Electronic – Auto-ranging voltmeter circuit with PIC uC ADC

adcmicrocontrolleroperational-amplifierpic

I want to design an autoranging voltmeter with a PIC microcontroller and its ADC.

Requirements:

  • Measure voltages from +0.2v to +50v
  • Protect against reverse inputs or slightly higher voltages
  • Input impedance can be quite low, drawing up to a few mA.
  • Accuracy of around 1% or better (although not necessary for smaller voltages)
  • Sample time of around 0.5ms or better

I have a circuit in mind, and would appreciate feedback. Perhaps there are simpler circuits I could use. The PIC will be on a 5v supply. I would probably use a basic, cheap op-amp running from 0v and a +12v rail. The tristate uC outputs would either set the input voltage dividers or alter the gain of the op-amp circuit to higher than unity.

schematic

simulate this circuit – Schematic created using CircuitLab

Does this look reasonable?

Best Answer

I'm not 100% on this but I think most PIC ADCs are 10 bit (1 in 1024 resolution) but can have up to 10x LSBs inaccuracy - this means you're just about at the 1% accuracy stage without considering resistor accuracies.

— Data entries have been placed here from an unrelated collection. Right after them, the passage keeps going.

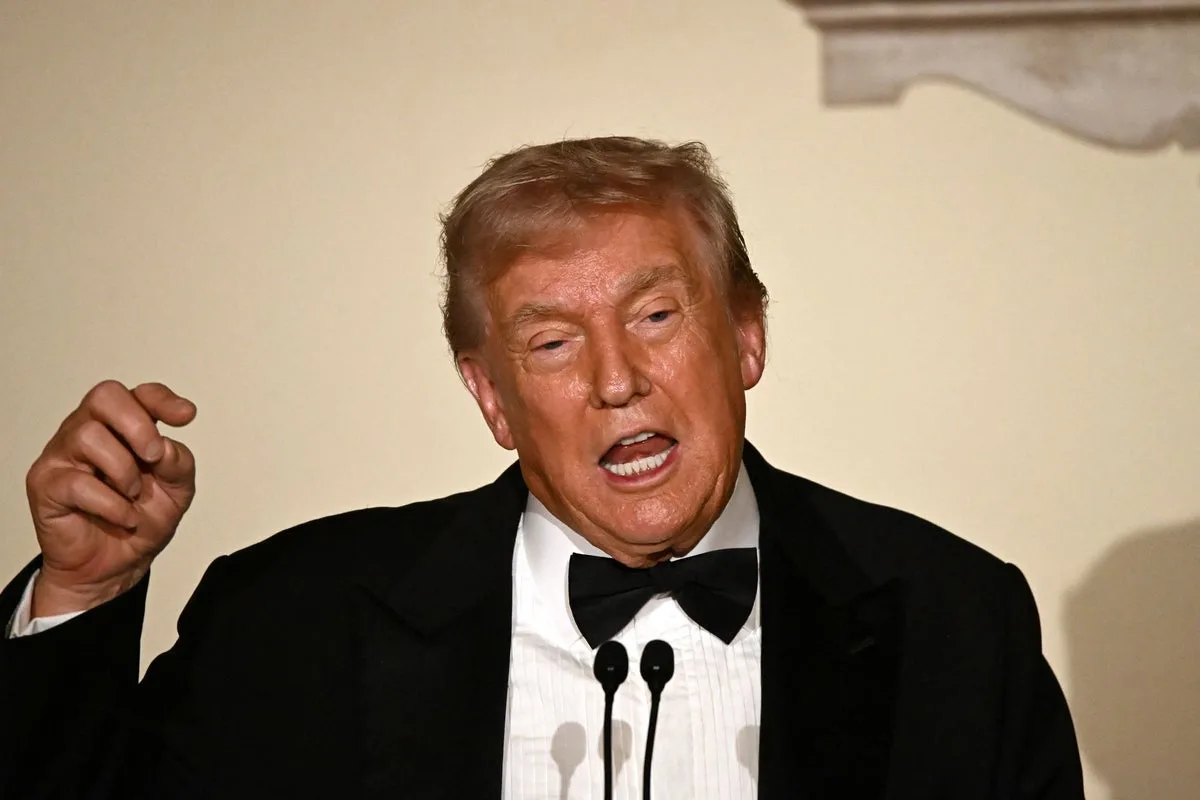 Trump's Makeup-Smeared Hand Fuels Health Speculation at White House Ball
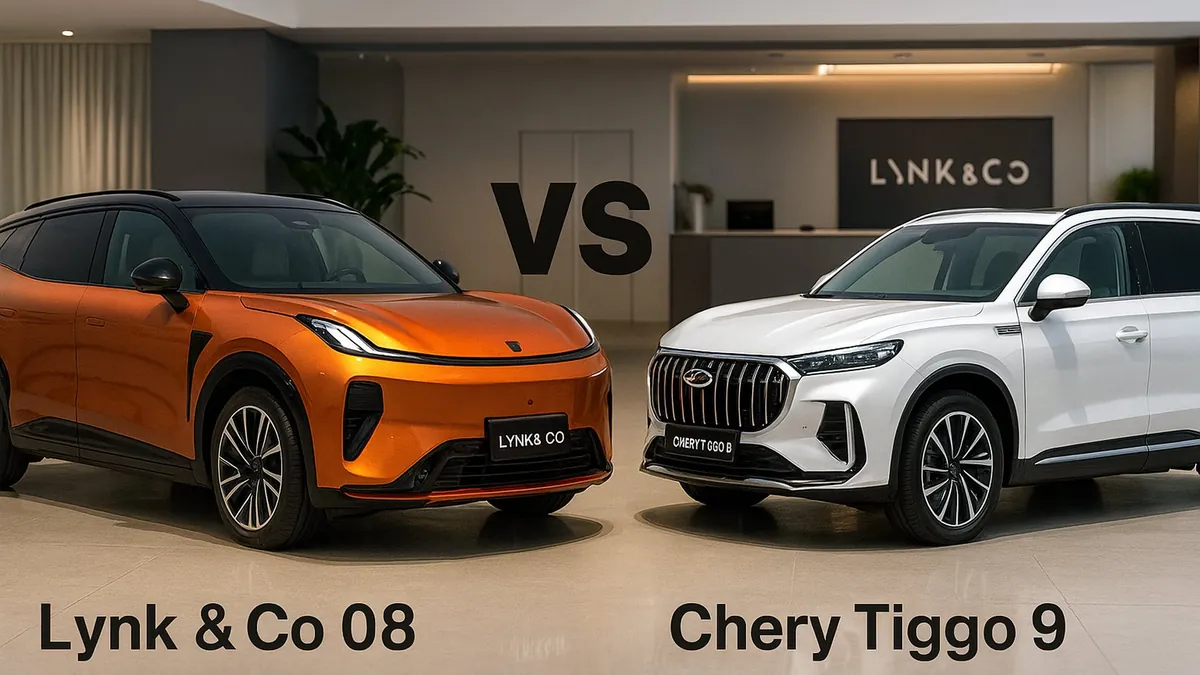 השוואת Lynk & Co 08 מול Chery Tiggo 9 Pro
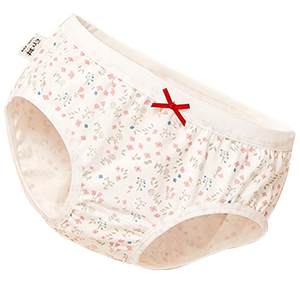 Children's underwear, girls' flat angle pure cotton shorts, four corner bottom pants, 100% non clippings, little girls' all cotton triangle pants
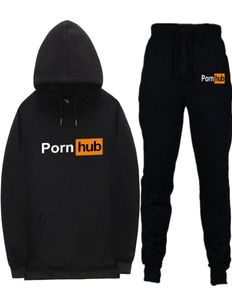 Fleece Hoodie und Jogginghose Anzüge Männer Frauen Streetwear Lustige Pornhub Sweatshirts und Hosen Trainingsanzug Sportanzug2117512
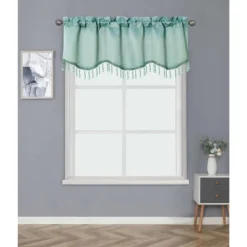 Kate Aurora Luxurious Solid Colored Scalloped Rod Pocket Window Valance With Crystal Beaded Trim -Home Improvement Store GUEST bf769566 b676 4e27 b7a6 e2c5bde32002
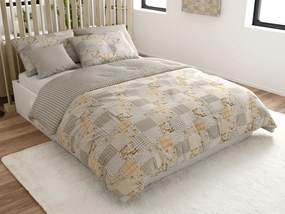Lenjerie de pat din bumbac Renforce PATCHWORK bej Dimensiune lenjerie de pat: 70 x 90 cm | 140 x 200 cm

Using PIC outputs as pull downs isn't a good idea either because there will be leakage currents from the pins that will add/subtract a voltage from the signal via the resistors. Also, you appear to be relying on PIC outputs going exactly to ground but neither is this the case and your accuracy on the lowest range will be dented.

Also, I think the zener won't be needed because R1 will limit current into the op-amp and it will self protect - 50V across 50k gives 1mA and most op-amps are capable of dealing with this sort of current using their internal diodes. I'd run the op-amp from 5V too - this means there's no chance it can stuff a killer voltage (6V or above) into the PIC ADC pin. Use something like an AD8605 - it is rail to rail but, because you can't exactly achieve 5V, scale things down by 10% and restore in the CPU with a frig-factor.

Having an op-amp that is self-protecting (due to the 50k) means negative voltages are also protected against but read the data sheets on the op-amp to be absolutely sure. If you still think you need the zener, consider that a zener will be starting to draw current at voltages significantly below 5V - it isn't an on-off thing as soon as you hit 4.99 volts.